In those early years, Arin’s neighbourhood buddies were everything wonderful and precious, great and valuable, in this part of small-town India. Peacefully remote, the town was some six and a half to seven kilometres north of the main city centre. But that no longer seems to be the case; it's no longer remotely located, which was once its reprieve from the hard dazzle of the big-town experience. Today, the city razzmatazz is nearer home and in your face, like it or not. Everything is changed beyond recognition. No longer relatable. Alwal and its surrounding vicinities fell to the curse of ‘development.’ As its biryani-scented IT card is issued forth, the city's famed laid-back urbanity has vanished since the late ‘90s, its tech hub taking over everything urbane and natural, empowering us in a weird kind of economic entrapment, promising but more menacing too. Time marches on determinedly, and Alwal too has lost its premium ease of living and its sweet, serene simplicity, just as nature had once ordained it. Everything has been made to fall from grace.

Every friend of his was close to him, with whom he had spent most of his life in and around the amazing valley of Eden, their very own close and intimate commune: Trishul Park, began to drift away, one by one, to far-off distant places somewhere up north in Delhi and Jammu, west in Baroda, north-east in Shillong and Guwahati, and down south in Chennai, Bangalore, and Kochi, never meaning to return. Sayonara, forever. Everybody faded into the coming new millennial age of aspiration and responsibility that the globalized 21st-century world had offered.

Only Satish K. Gupta, alias Demello, remained, for this place, where he and Arin grew up, had become his permanent home—not by birth, but because of his fond childhood memories and all the years spent from kindergarten through high school, all the way to college, and beyond.
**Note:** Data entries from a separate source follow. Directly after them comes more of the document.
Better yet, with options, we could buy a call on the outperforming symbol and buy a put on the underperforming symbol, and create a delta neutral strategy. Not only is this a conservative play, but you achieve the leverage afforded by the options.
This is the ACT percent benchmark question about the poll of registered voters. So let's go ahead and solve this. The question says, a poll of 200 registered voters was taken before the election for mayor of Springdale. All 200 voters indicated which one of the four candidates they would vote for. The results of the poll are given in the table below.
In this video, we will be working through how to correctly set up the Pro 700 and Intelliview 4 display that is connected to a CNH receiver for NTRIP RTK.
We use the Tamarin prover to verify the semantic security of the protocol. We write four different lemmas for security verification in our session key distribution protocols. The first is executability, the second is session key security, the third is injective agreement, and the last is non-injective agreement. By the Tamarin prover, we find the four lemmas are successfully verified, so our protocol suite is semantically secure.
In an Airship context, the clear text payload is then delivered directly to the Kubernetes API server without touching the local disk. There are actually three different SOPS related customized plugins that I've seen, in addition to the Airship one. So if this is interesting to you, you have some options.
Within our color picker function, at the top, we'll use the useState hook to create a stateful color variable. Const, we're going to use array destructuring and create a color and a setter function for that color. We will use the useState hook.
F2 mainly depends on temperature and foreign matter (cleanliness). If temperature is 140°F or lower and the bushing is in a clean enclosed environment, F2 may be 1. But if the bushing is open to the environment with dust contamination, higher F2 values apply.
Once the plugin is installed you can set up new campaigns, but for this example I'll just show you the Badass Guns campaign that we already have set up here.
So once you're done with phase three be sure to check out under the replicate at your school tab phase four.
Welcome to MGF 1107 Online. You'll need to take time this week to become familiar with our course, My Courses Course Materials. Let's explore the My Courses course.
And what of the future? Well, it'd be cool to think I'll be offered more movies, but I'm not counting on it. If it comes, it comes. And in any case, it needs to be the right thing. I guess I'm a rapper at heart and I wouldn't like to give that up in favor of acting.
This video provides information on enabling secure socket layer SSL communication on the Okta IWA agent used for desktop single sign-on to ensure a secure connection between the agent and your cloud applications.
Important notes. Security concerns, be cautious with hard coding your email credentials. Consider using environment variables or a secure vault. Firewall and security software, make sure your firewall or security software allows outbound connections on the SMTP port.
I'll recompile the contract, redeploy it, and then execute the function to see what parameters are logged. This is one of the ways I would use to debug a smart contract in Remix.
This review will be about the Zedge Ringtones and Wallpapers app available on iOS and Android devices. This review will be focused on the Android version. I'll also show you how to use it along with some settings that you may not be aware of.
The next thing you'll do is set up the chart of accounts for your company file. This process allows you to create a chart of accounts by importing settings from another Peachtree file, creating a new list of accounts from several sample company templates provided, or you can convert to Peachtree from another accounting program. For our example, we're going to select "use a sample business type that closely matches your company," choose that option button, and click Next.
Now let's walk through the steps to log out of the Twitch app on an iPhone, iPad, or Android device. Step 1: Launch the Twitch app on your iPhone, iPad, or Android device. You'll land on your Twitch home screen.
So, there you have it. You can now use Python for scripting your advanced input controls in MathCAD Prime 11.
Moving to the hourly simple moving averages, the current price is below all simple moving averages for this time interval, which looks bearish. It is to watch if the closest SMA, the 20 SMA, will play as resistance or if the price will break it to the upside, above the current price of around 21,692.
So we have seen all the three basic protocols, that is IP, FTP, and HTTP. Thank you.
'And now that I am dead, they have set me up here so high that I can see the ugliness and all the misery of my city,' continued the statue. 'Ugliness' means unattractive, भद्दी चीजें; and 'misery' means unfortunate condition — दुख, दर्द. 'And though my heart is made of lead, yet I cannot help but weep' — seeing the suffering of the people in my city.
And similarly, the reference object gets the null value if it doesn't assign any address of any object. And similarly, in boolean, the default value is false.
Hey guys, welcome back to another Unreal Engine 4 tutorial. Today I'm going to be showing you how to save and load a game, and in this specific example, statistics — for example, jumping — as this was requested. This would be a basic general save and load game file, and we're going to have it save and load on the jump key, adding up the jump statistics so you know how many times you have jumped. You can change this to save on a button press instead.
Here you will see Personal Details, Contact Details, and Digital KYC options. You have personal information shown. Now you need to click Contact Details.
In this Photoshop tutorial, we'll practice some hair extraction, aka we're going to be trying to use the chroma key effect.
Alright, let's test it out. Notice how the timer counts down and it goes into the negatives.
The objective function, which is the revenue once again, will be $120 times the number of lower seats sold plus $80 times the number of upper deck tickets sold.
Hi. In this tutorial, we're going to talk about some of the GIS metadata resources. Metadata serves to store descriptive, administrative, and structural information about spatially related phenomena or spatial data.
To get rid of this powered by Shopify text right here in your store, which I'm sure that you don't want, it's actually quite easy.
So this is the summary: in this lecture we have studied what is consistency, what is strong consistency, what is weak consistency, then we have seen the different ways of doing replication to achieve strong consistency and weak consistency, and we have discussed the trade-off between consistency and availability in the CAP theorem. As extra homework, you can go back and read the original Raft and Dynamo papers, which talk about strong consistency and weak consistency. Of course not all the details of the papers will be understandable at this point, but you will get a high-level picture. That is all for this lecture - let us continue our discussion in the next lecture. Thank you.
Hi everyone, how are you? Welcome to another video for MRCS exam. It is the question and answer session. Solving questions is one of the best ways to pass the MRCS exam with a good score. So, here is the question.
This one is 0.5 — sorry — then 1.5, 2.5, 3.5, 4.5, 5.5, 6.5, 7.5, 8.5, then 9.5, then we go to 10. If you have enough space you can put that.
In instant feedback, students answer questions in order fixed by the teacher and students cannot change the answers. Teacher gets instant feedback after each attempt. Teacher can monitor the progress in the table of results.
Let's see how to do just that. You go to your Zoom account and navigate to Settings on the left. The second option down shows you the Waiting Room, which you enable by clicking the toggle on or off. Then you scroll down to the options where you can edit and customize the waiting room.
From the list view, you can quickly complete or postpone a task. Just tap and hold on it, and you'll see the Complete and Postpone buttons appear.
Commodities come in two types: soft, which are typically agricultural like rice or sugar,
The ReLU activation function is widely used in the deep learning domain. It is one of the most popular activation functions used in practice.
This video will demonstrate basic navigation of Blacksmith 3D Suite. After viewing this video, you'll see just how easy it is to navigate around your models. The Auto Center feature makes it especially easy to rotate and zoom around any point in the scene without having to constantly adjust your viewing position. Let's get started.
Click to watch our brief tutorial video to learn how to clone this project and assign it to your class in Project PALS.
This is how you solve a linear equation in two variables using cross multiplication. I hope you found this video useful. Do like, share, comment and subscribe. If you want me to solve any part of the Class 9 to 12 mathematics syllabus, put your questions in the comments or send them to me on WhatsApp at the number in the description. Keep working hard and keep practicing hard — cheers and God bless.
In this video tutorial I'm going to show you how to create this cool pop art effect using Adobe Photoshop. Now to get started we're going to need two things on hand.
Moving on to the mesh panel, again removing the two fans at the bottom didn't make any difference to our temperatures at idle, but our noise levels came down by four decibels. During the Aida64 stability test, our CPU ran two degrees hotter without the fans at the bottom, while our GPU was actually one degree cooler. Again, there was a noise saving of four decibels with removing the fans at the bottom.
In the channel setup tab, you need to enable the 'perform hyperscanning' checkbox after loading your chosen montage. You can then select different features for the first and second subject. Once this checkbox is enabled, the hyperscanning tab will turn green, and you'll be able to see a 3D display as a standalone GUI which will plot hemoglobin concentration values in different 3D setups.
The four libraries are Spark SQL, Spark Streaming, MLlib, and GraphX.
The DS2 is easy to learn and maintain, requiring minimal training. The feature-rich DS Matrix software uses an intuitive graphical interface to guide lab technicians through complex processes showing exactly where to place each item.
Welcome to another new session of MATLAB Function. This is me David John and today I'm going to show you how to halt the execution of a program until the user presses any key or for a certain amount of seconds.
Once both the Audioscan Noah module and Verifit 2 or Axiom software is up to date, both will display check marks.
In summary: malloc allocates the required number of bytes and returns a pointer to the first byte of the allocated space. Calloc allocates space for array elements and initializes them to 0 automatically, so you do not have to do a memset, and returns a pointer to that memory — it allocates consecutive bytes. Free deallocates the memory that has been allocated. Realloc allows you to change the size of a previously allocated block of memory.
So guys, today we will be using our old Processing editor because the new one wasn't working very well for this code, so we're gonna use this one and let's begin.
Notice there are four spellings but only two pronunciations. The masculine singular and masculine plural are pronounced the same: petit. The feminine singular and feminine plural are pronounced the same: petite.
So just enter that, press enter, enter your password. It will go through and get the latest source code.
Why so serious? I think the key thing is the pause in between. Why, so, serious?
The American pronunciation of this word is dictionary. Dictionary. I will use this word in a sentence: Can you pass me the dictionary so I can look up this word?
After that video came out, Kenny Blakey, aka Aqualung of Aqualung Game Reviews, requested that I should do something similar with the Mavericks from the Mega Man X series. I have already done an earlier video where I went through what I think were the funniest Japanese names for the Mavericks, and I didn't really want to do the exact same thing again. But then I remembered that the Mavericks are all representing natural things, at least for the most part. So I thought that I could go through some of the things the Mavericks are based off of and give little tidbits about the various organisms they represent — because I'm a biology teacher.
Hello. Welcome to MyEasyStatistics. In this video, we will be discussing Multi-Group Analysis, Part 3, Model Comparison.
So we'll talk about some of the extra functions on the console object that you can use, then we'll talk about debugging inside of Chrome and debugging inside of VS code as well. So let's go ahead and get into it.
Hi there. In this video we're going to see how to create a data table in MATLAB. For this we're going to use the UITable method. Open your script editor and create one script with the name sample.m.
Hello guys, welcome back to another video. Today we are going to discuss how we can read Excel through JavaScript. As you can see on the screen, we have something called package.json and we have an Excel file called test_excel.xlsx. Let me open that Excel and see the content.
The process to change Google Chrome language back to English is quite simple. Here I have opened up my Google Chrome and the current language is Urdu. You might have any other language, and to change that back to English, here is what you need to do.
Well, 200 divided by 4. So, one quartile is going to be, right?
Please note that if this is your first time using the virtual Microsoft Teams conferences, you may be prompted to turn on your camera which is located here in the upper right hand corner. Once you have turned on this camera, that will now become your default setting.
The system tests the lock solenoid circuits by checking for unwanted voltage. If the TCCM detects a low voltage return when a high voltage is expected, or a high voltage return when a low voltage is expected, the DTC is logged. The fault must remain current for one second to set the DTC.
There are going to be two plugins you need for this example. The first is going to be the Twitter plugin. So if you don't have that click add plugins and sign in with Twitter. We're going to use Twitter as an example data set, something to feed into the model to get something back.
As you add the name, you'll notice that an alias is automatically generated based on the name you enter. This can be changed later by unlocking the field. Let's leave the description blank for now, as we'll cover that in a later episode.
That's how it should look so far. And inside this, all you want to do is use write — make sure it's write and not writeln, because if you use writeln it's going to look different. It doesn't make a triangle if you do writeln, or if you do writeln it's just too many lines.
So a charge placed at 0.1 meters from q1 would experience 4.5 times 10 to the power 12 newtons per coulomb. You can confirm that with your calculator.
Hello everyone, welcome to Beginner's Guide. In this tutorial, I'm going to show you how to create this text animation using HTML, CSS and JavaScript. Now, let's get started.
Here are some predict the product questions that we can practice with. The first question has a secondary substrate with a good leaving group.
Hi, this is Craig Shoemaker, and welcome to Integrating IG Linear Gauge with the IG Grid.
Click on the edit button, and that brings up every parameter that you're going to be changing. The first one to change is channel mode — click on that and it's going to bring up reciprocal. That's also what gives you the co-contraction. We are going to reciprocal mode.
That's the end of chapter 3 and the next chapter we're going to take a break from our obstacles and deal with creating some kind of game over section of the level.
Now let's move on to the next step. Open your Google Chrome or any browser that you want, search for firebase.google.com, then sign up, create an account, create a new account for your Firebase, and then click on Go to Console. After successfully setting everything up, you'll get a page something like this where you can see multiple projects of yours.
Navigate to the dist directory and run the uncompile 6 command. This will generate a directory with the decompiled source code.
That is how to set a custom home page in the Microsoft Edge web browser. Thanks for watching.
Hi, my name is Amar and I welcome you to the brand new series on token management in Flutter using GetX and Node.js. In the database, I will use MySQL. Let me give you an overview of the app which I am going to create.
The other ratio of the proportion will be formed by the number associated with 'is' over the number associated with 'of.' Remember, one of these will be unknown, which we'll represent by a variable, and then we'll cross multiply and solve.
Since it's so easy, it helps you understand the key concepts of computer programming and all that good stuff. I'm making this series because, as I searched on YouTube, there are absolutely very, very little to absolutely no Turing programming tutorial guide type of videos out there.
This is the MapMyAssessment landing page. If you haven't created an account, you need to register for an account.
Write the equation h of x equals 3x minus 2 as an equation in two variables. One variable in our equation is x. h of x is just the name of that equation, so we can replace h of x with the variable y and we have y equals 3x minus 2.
Where else could he go outside this classic urban-dwelling, albeit non-Tuscan existence, where Subramaniam Strong and Bhale had joined them precisely at that point in life when they all began attending college? Nowhere else in this era-shifting triptych of a place reduced, like any other town or city in our vast country, given over to absolute commercial decadence of endless economic development taking place at a breakneck speed that none of us had surmised, did his happy, largely uneventful life settle and develop domestically as he became a dedicated family man blessed with two yuppie giggling children, a girl and a boy. Eluru, his beloved hometown, had slowly receded into the distant, hazy memory of the simpler times back in the day of the relationships and family identities that mattered more than anything euphemistically called modern, only to be visited, if at all, during vacations or some marriage or housewarming functions. But Satish Gupta, his younger sibling Sailes, and their widowed mother Vijaya Lakshmi had always nursed broken hearts ever since their father passed away here in suburban Alwal when the brothers were little. The house their father built for them and their extended family was the saving grace that kept them going, knowing they had a permanent sanctuary to call home. Life was more or less happy and tidy, but just about when the ‘80s turned into the ‘90s, a fatal rift began to stretch like a rubber band, going back and forth for quite some time unabated, until it snapped back—gaslighting everyone in the family! A villain emerged, and that was none other than their own—“Gumbad Queen,” Chachi (paternal aunt), a char sou bees (420), lady Frankenstein, living in the same house.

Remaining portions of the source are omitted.